Rapid Reaction: July Existing Home Sales
July existing home sales fell 1.3 percent from June to 5.44M units, the lowest level since August 2016, according to the National Association of Realtors.

July existing home sales fell 1.3 percent from June to 5.44M units, the lowest level since August 2016, according to the National Association of Realtors.
Today’s existing home sales data was disappointing, if unsurprising, and the decline in sales in July was compounded by downward revisions to June sales. The American housing market is stuck in its own kind of stagflation: Existing home sales have been flat since last fall, while home values are up more than 4 percent over the same period. For more than two years now, inventory has been has been contracting, pushing the housing market into an inventory crisis. The boom in renter household formation that we saw two years ago is now spilling over into the purchase market as young adults begin to feel confident enough in the labor market to buy.

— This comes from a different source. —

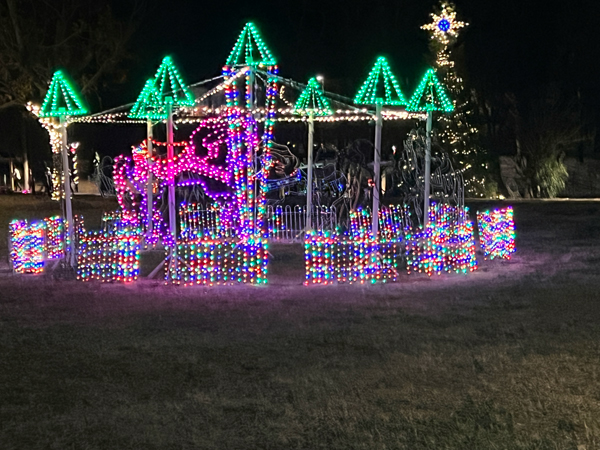 An anmimated horse merry-go-round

Mortgage rates increased modestly in July, a small increase that may have complicated purchase plans for some marginal buyers and potentially moderating what would have otherwise been more aggressive price growth last month. But rates overall remain near historic lows, and the small bump was not enough to offset the sometimes intense upward pressure on prices from buyers competing for increasingly scarce homes on the market. It is difficult to imagine these underlying dynamics shifting in the near-term. New construction has been slowly but steadily increasing, but as yesterday’s new home sales data confirmed, single-family home construction remains well below levels needed to meet current demand, particularly at prices entry-level buyers can afford.